Thanks to my Radio Hour, I have challenged myself to go beyond theatre - I am becoming a cultural critic these days. And part of this mutation is expressed in a slightly creepy fixation on "youth music". I've been standing in the corner of the disco again, watching the bright young things groove to tunes that sound like something I liked when I was a teenager.

I have recognised my own subjectivity, and so end up being generous to bands that, frankly, I really don't understand. Found have been touted by The Skinny as some sort of art-rock saviours: people I trust have told me that I'd dig their artistic associations. They certainly got some cash from Creative LandScot, and they have just released a single made out of chocolate. So, they must be artists, right?

I played them on the Hour, but can't exactly remember what the tunes sounded like. Last week, I went to see them live at the aftermath of a special showing of You Instead - filmed over 2010's T in the Park, it wastes both Gavin Mitchell and Cora Bissett by forgetting that a witty script is necessary, even for a gimmick based movie. A week later, and I still can't remember what Found sound like, only that their electronic aspect consisted of one underused keyboard, the guitar picked out a ghost version of Godspeed You Black Emperor's majestic rush and that the singer invested his lyrics with serious intent by pulling a face.

Edinburgh leaks bands like this all the time - rather than fusing diverse genres, they blur the boundaries into a bland broth - and they seem to serve a particular audience - young, hip and serious. 

The chocolate single is a typical trick. Yes, I am sure it says something about the nature of pop, disposability and consumerism. And since the idea is far more interesting than the thing itself, it ticks a few conceptual art boxes. I know that the audience are supposed to do the work these days, that it's not all about the object. But the best thing about this little trick is that even the sucker who buys it won't actually have to listen to the music.

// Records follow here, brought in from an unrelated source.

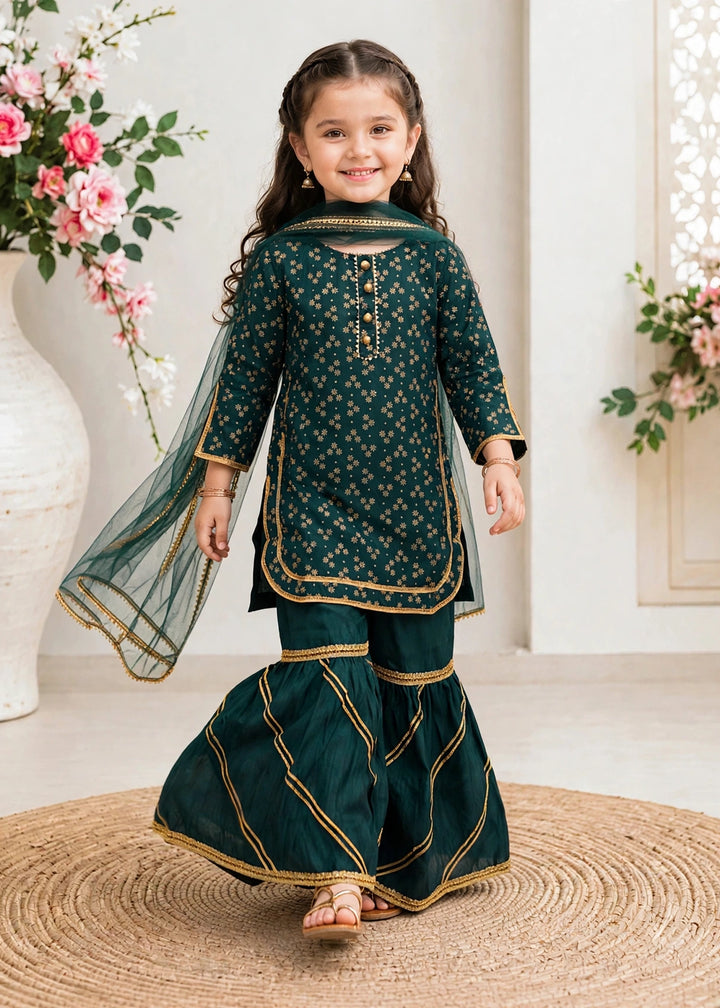 Modest Girls Pret Printed 3 Piece Raw Silk Green Gharara D-19 - Festive Collection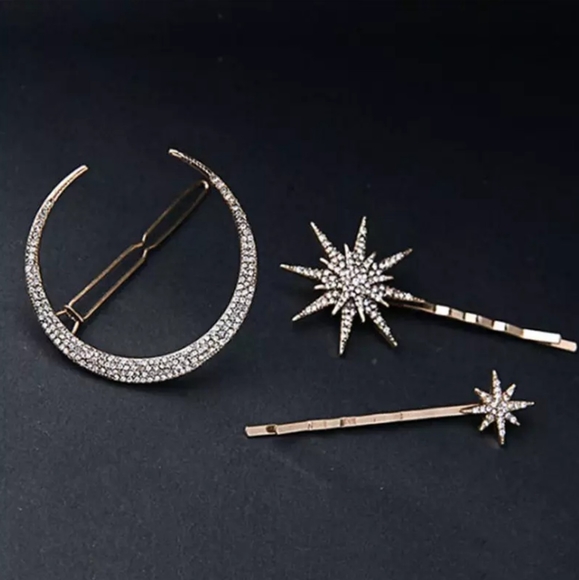 3PCs Star Moon Rhinestone Hair Clip - Picture 2 of 6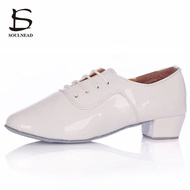 【Worth-Buy】 Latin Dance Shoes Men Ballroom Dance Shoes Man Tango Modern Dance Sneakers White Black Bright Salsa Dance Shoe For Boy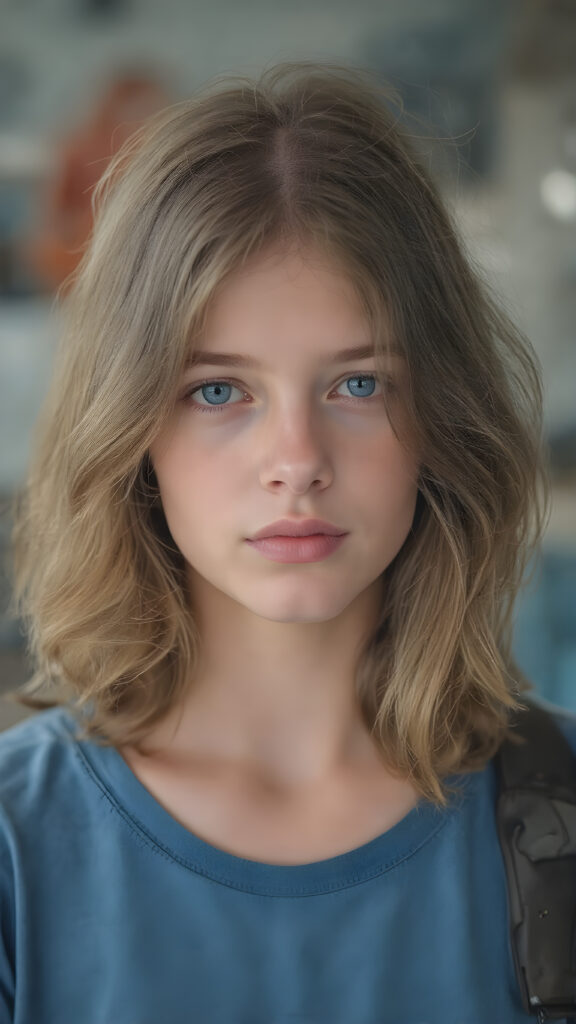 young teen girl, wavy brown bob soft hair, she wears a blue t-shirt, red full lips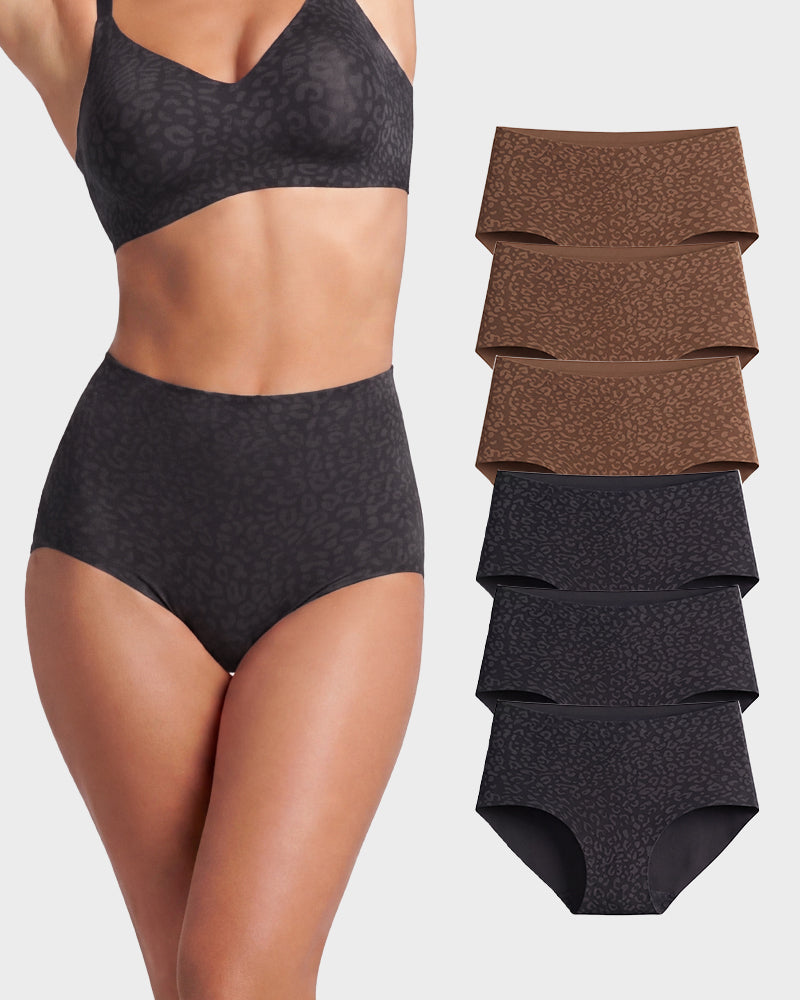 Hochtaillierter nahtloser Leoparden-Bauchweg-Slip (6er Pack)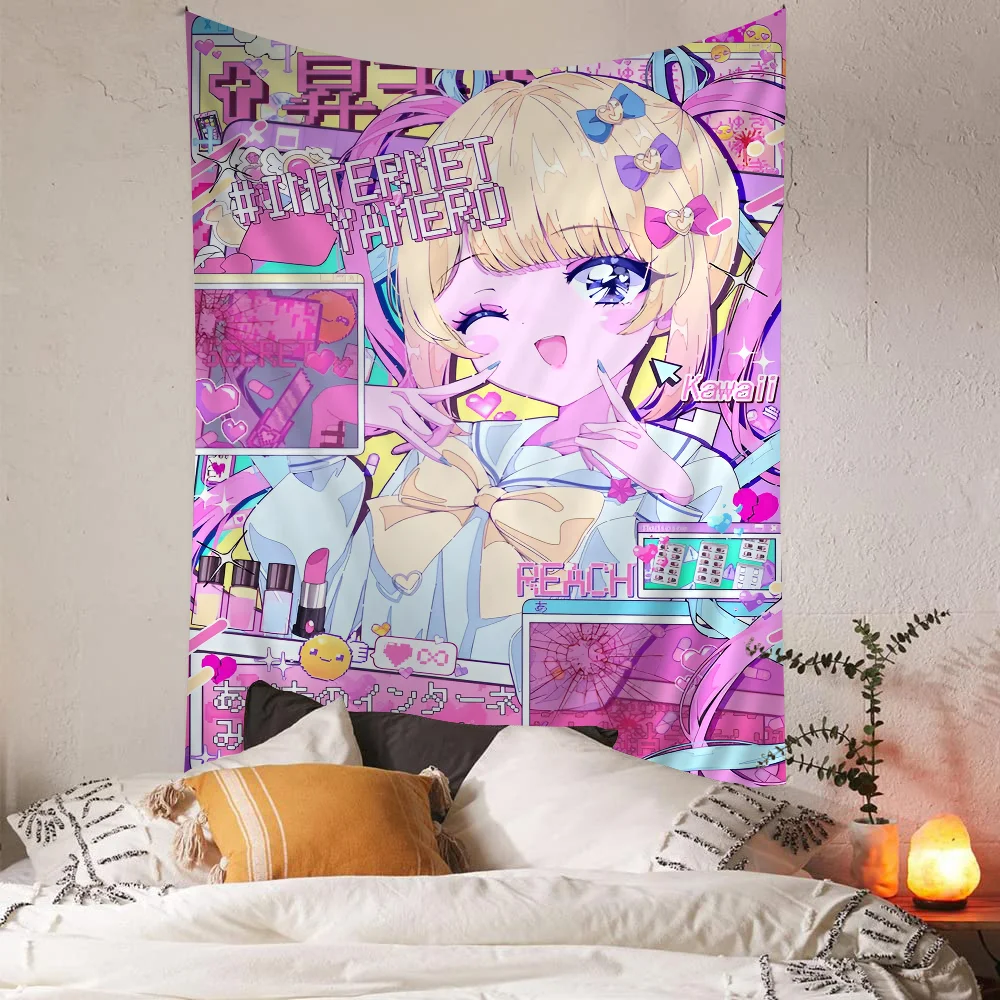 Needy Girl Streamer Overload Cartoon Tapestry Wall Hanging Decoration Household Home Decor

While I am not claiming that Wounded Knee would agree with my sentiments, I am going to set him up as my antidote to Found. First of all, every time he performs, it is something unique. Whether he is singing along to his grandfather's tape recording of "dhu-wop", or encouraging the hipsters of SWG3 to join in an old walking song, Wounded Knee is fresh, fun and provocative. That his voice has the richness of an old folk singer, and the passion of a soul man, only disguises the artful intelligence beneath his restless performances. Unlike Found, who proudly proclaim their artiness.

Listening to Wounded Knee is a surface delight, but slowly reveals deeper pleasures. He can work an audience kindly, breaking that old fourth wall and reminding them how they too are part of the show. He draws the link between Scottish folk and US soul - something that once inspired Scottish rock, but was always mystifyingly oblique. His musical family tree makes sly jokes about language, influence and identity. And more than any other musician working today in Scotland, he reaches the soul.

Found dress up like gentleman fops - a look that was pulled off better by comedy rapper Mr B at the Fringe, or by Chris Eubank, who ripped it from early UK hip-hop - in a self-conscious attempt to invest their music with presence. 

Wounded Knee just gets up and sings, and  recalls Greil Marcus' meditation on The Mekons' Never Been in a Riot. Marcus called this the most punk recording ever, because it just relied on the human voice, reducing the rage to a spectral moaning.

Now, for all my moaning about Lester Bangs, I have a fair idea which artist he'd prefer. Found seem to work very hard to make a minor point; Wounded Knee busts open all sorts of ideas about rock'n'roll by just standing on stage. Maybe, had Bangs lived, Wounded Knee might have helped him become the writer he is imagined to be.